Fu la sola «missiva» d'amore che ella ricevesse, e la custodì gelosamente fra i
fiori secchi ch'ei le aveva donati, e i nastri scolorati che portava il giorno
in cui si erano incontrati per la prima volta.
Poi, stanca, aveva riversato sul
fratello le sue illusioni giovanili, rifacendo per lui i castelli in aria in
cui s'erano passati i sogni ardenti della sua vita claustrale, subendo, sotto
altra forma, le stesse calde allucinazioni che le erano rimaste di tante
bizzarre letture, nelle quali si era consunta la sua giovinezza, dietro il tramezzo
della scuola, com'era morto il geranio che aveva agonizzato dieci anni nel
cortiletto senza sole. Una volta era stata una rosa che essa aveva sorpreso nel
portapenne della scrivania, e s'era sfogliata senza che lei osasse toccarla,
lasciandole un grande sconforto a misura che le foglioline si sperdevano nella
polvere.
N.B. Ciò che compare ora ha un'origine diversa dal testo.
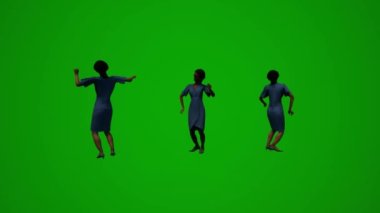 3D yeşil ekran Afrikalı zenci hizmetçi dans ediyor ve malikanede parti yapıyor.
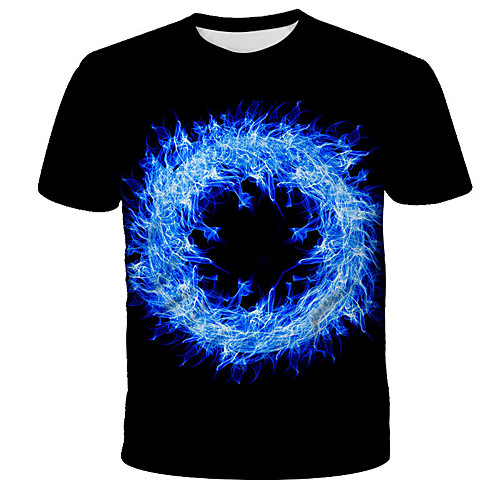 

Men's Daily Holiday Street chic / Exaggerated T-shirt - 3D / Tie Dye / Animal Wolf, Print Rainbow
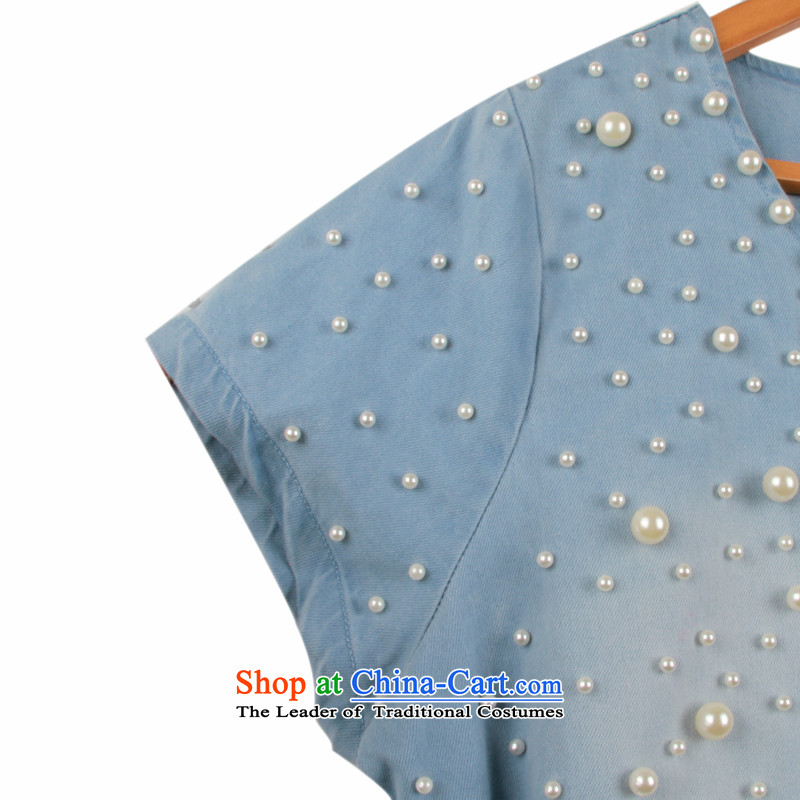 Addiction is larger female thick mm2014 summer new Korean staple pearl video thin denim dress Blue Box 6913 , L, yet addiction shopping on the Internet has been pressed.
Un'altra volta un bigliettino profumato, visto alla sfuggita sul
tappetino della scrivania, scomparso subito misteriosamente, che l'aveva fatta
almanaccare un mese, turbandola anche, mentre stava chiuso nel cassetto, col
suo odore sottile, finché le era caduto un'altra volta sotto gli occhi, fra le
cartacce inutili da buttare via nel cortiletto - la stessa corona dorata in
cima al foglio profumato, lo stesso carattere elegante con cui un ragazzo si
faceva scusare dalla mamma non so quale mancanza.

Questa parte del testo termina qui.